Krishnan Thoothu also known as Sri Krishnan Thoothu was a 1940 Tamil-language film directed by R. Prakashm and produced by S. M. Letchumanan Chettiyar and Rajagopal Talkies. It was known for being the debut Tamil film of Telugu actress P. Kannamba.
A short comedy film titled Kozhukattai Kuppu was also screened along with the main film.

==Plot==
The film is based on the traditional epic narrative of Krishna undertaking the mission of getting justice for the Pandavas from the Kaurava King Duryodhana. Serukulathur Sama played the main role of Krishna. The debut actress P. Kannamba played the heroine role. Both N. S. Krishnan and T. A. Mathuram contributed to the short film with their comedies.

==Cast==
Cast adapted from the database of Film News Anandan and the film's songbook

- Male Cast
- Serukulathur Sama as Krishnan
- Visalur Subramania Bhagavathar as Duryodhanan
- Nagainallur Lakshminarayana Bhagavathar as Vidhurar
- Sandow Natesa Pillai as Karnan
- D. Bala Subramanyam as Balaramar
- S. S. Mani Bhagavathar as Dharmar
- Battling. C. S. Dhan Singh as Bhiman
- R. S. Ramaswami Iyengar as Arjunan
- K. V. Krishnan as Nagulan
- Kothamangalam Ramasami as Sahadevan
- M. R. Durairaj as Sadhaki
- M. A. Ganapathi Bhat as Aswathama
- M. S. Velayutham as Devendran

- Male cast (continued)
- T. Gopal Rao as Viradarajan
- L. Narayana Somayajalu as Sanjayar
- C. Chinaiah as Dhritharashtran
- K. S. A. Sami as Bhishmar
- M. Thiruvenkatam as Dushasanan
- K. Devanarayanan as Vikarnan
- T. M. Babu as Durvasar
- P. G. Venkatesan as Naradar
- N. S. Krishnan! (Kozhukattai Kuppu)
- Comedian Jolly Kittu Iyer as Sakuni
- Comedian E. Krishnamoorthi as Kandhan
- Comedian Kunchithapadam Pillai as Rangan

- Female cast
- Gruhalakshmi Star P. Kannamba as Draupadi
- M. R. Vasuvambal as Kunti Devi
- M. N. Vijayal as Sathyabhama
- T. S. Krishnaveni as Rukmani
- T. A. Mathuram! (Kozhukattai Kuppu)
- M. K. Babuji as Young Kunti
- Dhanabhagyam, Janaki Bai as Dancers
- Baby Ranga & Sulochana as Baby Dancers
- Female support cast
- M. R. Kanakarathnam, M. R. Ramalakshmi, Pushpammal, Rajeevi, Pattu, Sulochana, Lakshmikantham, Shankari, Padmavathi.

==Songs==
No music director was credited, but the lyrics were written by Papanasam Sivan and Rajagopala Iyer.

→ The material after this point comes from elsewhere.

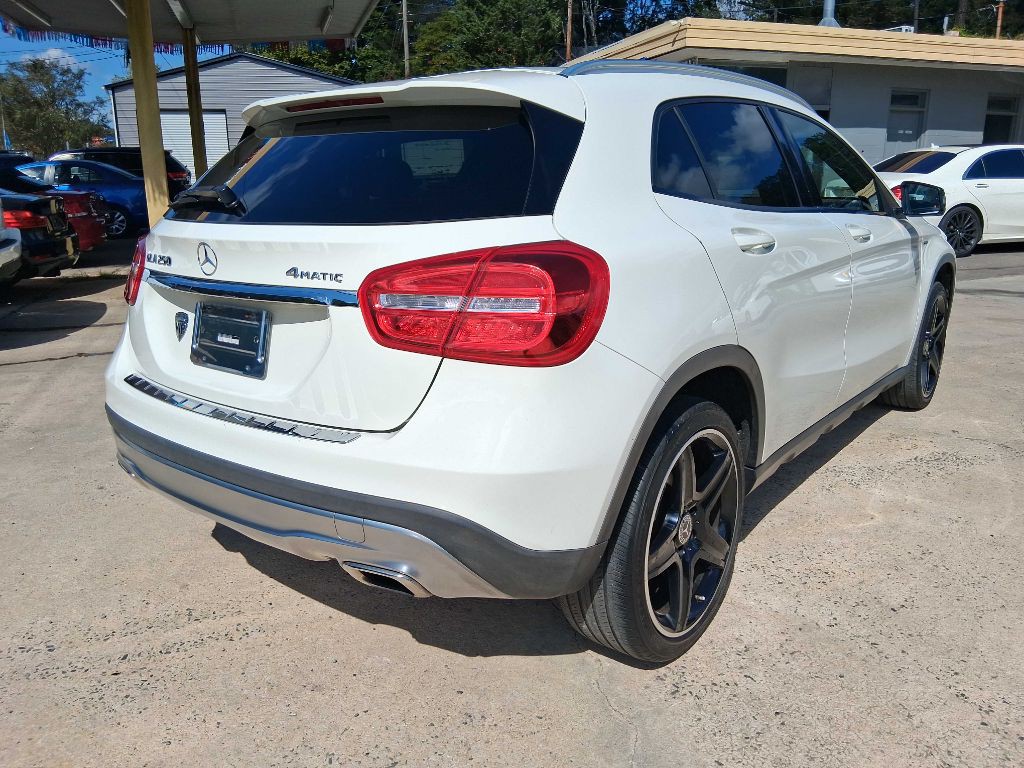 2015 Mercedes-Benz GLA-Class Image 8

The songs were recorded by Jyotish Sinha.

==Box office==
The film though well directed by R. Prakash, the drawback was with the debut heroine P. Kannamba's poor Tamil accent. She didn't know Tamil and spoke it with a Telugu slang, which didn't go well with the Tamil audiences.